[Dataset entries]
================

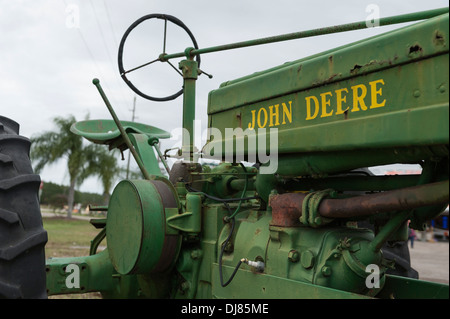 Ancienne ferme tracteur stationné à Clermont, en Floride, USA Banque D'Images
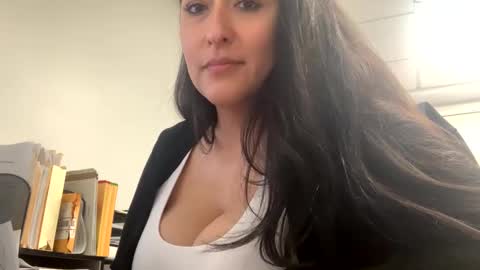 Snapshot of goddessxxrosexx chatting on January 29, 2025, 1:37 am GoddessxxRosexx online show from January 29, 2025, 1:37 am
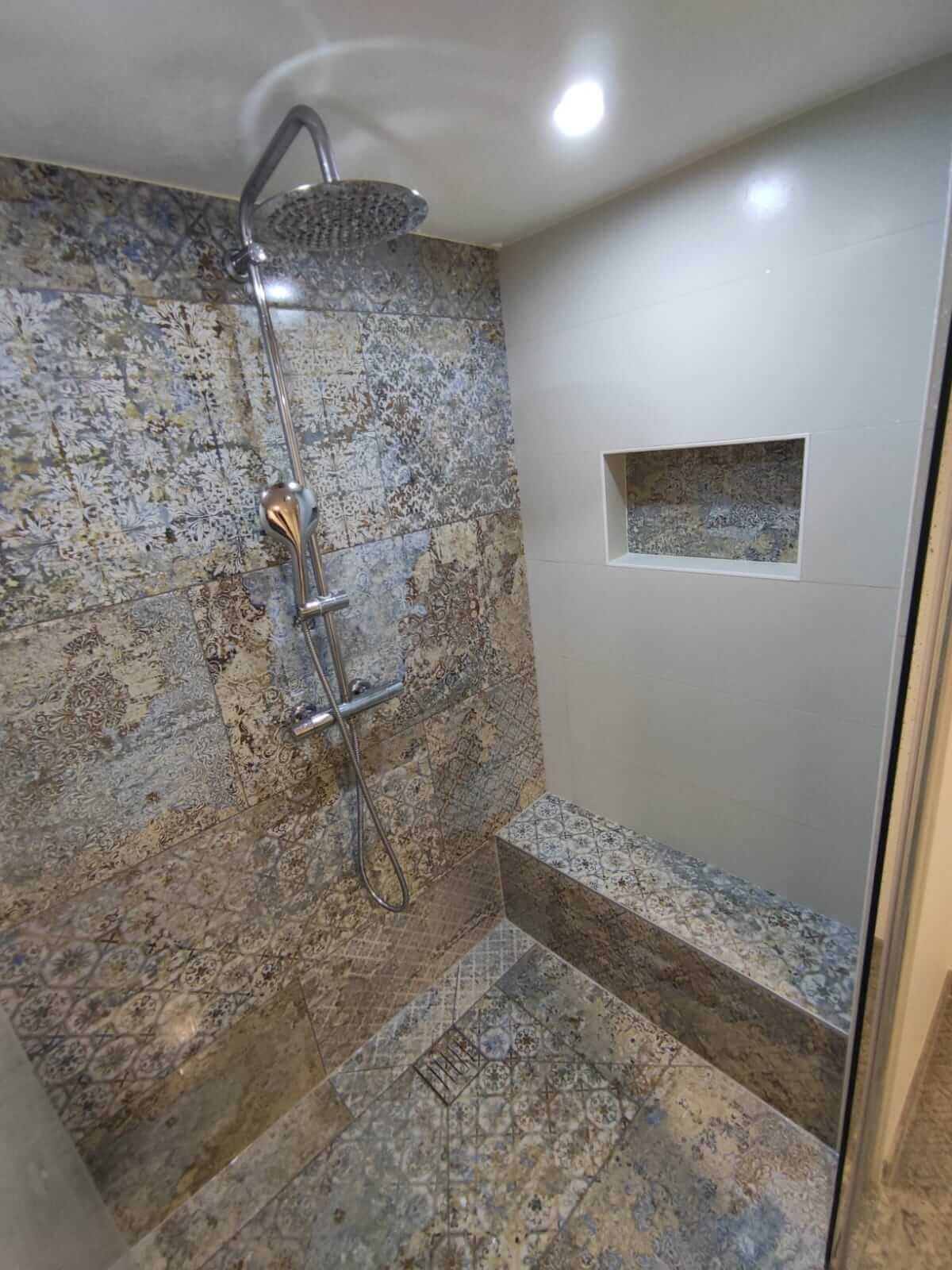 Rénovation salle de bain complète par BC Carré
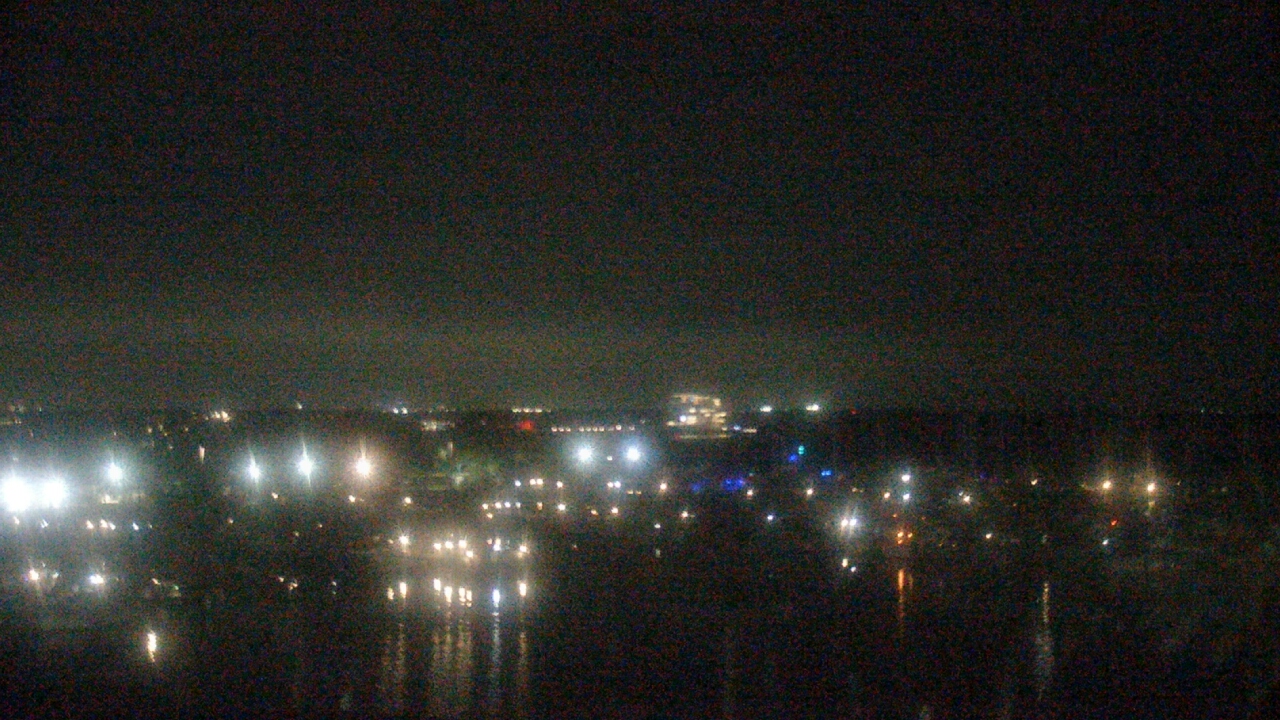 Thumbnail for current weather camera view from Mahaffey Theater in St. Petersburg, Florida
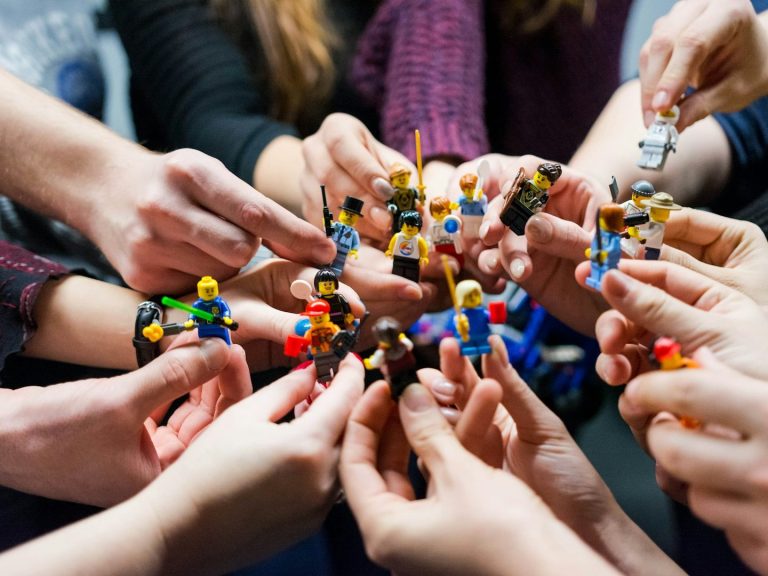 Viele Hände mit Legofiguren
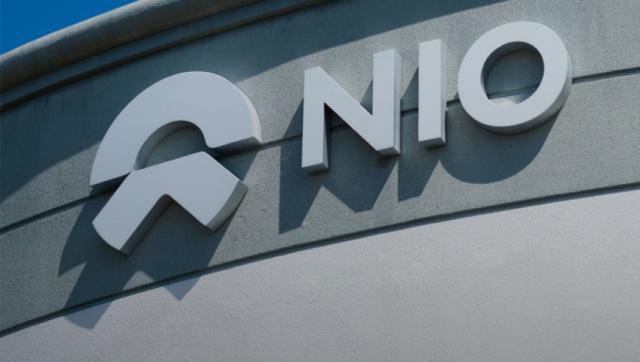 蔚来手机负责人白剑回应发现单手截屏被群嘲：露怯了，请大家批评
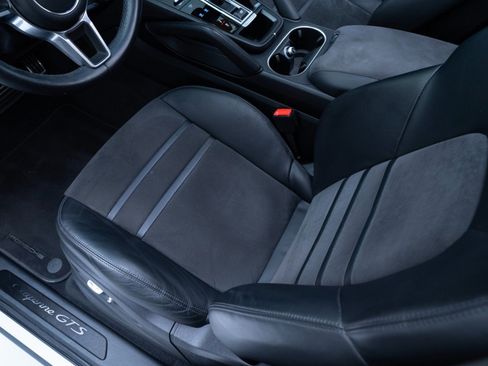 Used 2021 Porsche Cayenne GTS image 16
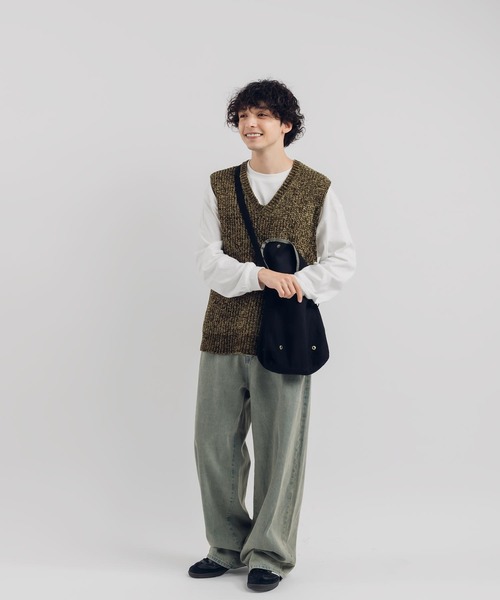 MUHET(ミュエータ)の「ベロアモールベスト(ベスト・レディース・レッド/カーキ・MEDIUM/X-LARGE)」の16枚目の写真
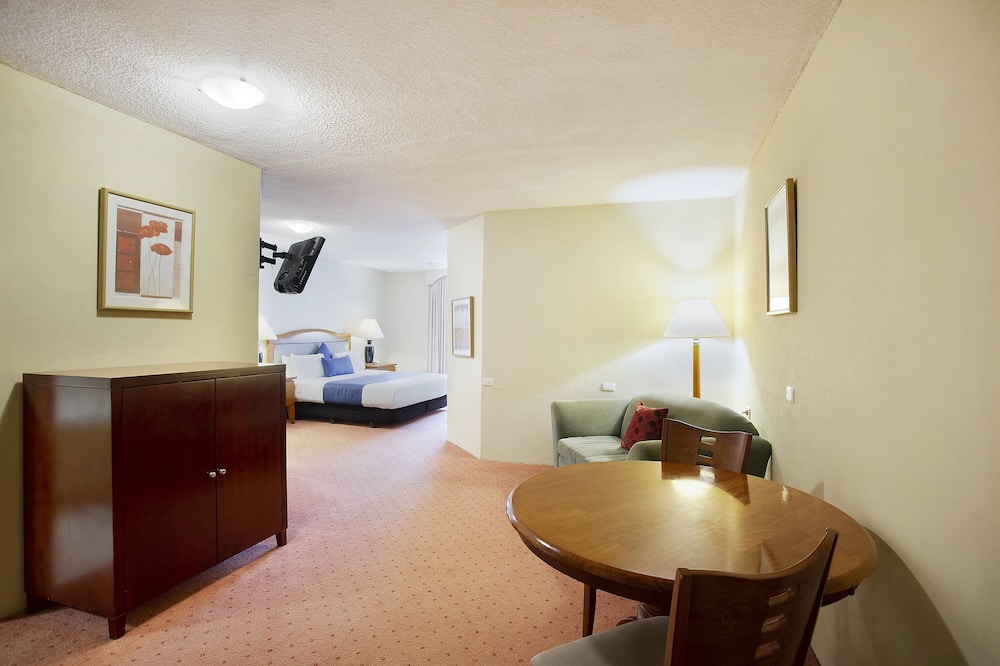 Central Court Warrnambool 写真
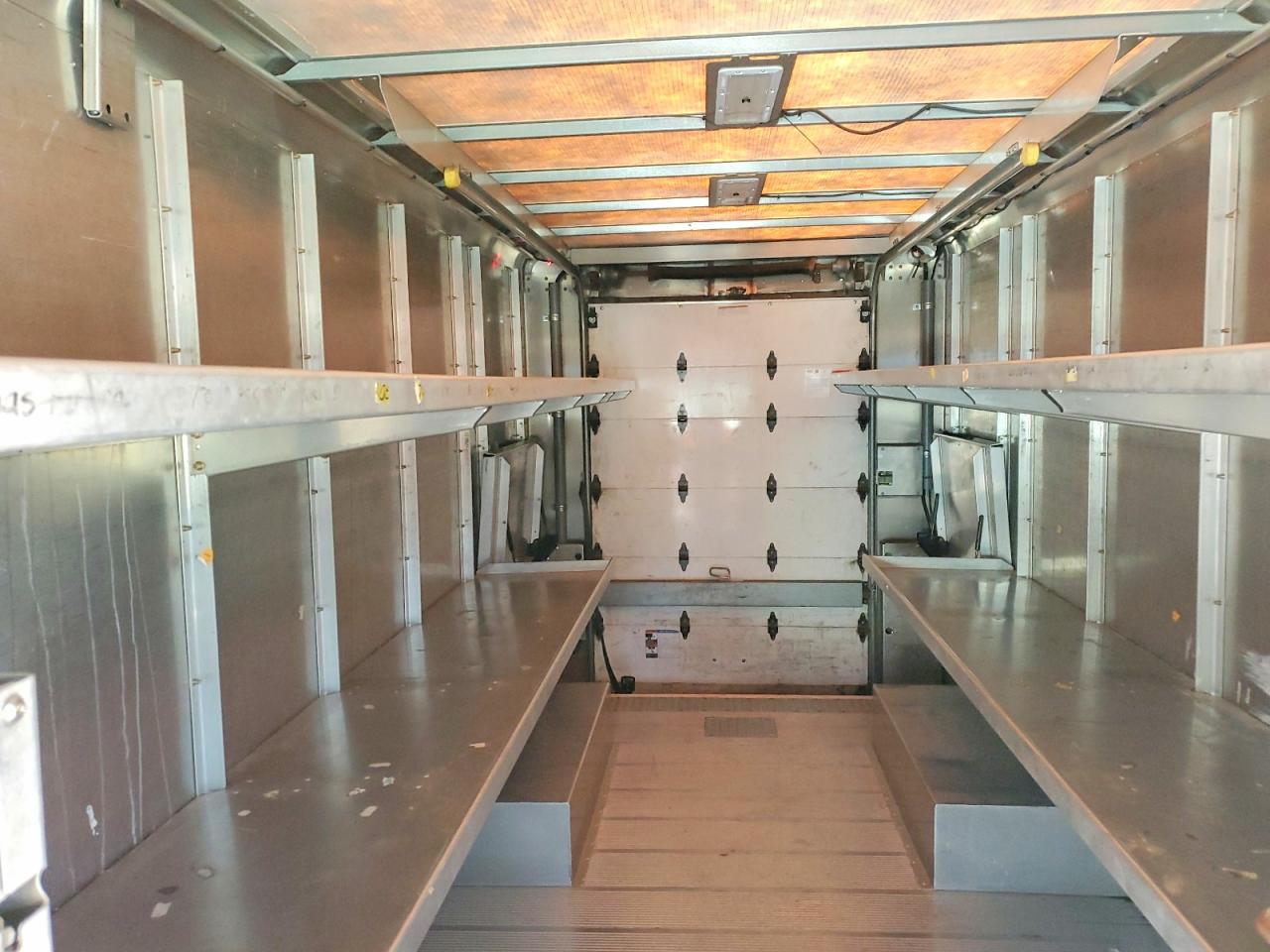 2021 FREIGHTLINER All other VIN 4UZAC2GAXMCMM9417 photo 10
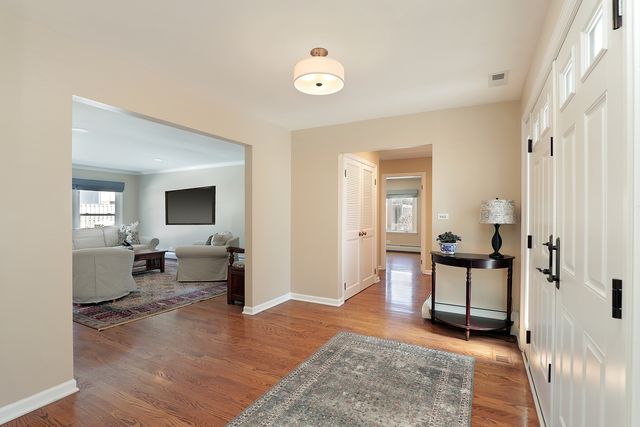 3806 Michael Lane, Glenview, IL 60026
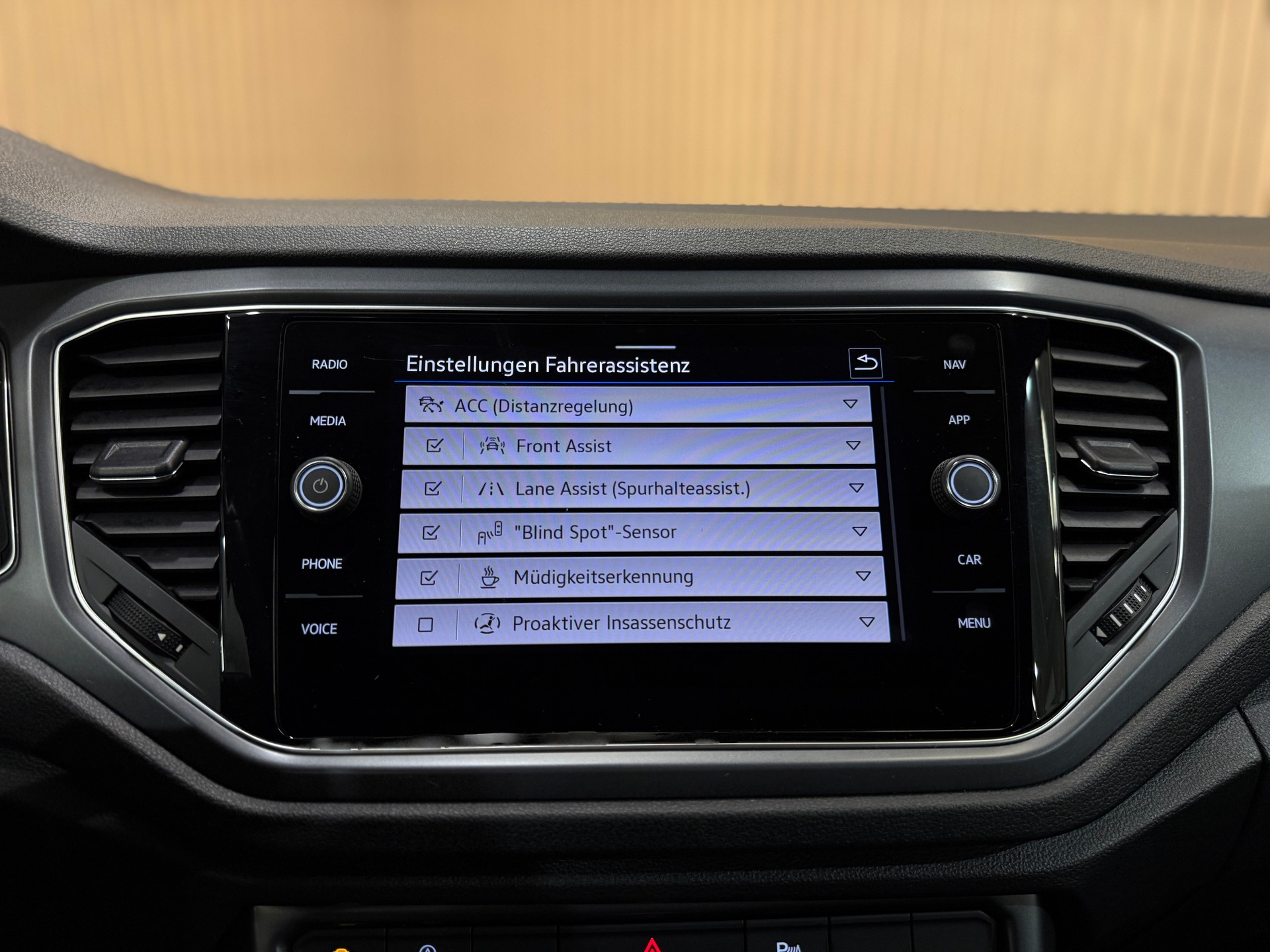 VW T-Roc Cabriolet 1.5 TSI EVO R-Line DSG-image-12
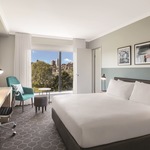 vibe hotel rushcutters sydney executive suite bedroom king 01 2016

================

About this task = Set down exactly the lines from the start of the records through the line containing "Used 2021 Porsche Cayenne GTS image 16", both included, and omit the pictures.

Solution for this task =
 Ancienne ferme tracteur stationné à Clermont, en Floride, USA Banque D'Images
 Snapshot of goddessxxrosexx chatting on January 29, 2025, 1:37 am GoddessxxRosexx online show from January 29, 2025, 1:37 am
 Rénovation salle de bain complète par BC Carré
 Thumbnail for current weather camera view from Mahaffey Theater in St. Petersburg, Florida
 Viele Hände mit Legofiguren
 蔚来手机负责人白剑回应发现单手截屏被群嘲：露怯了，请大家批评
 Used 2021 Porsche Cayenne GTS image 16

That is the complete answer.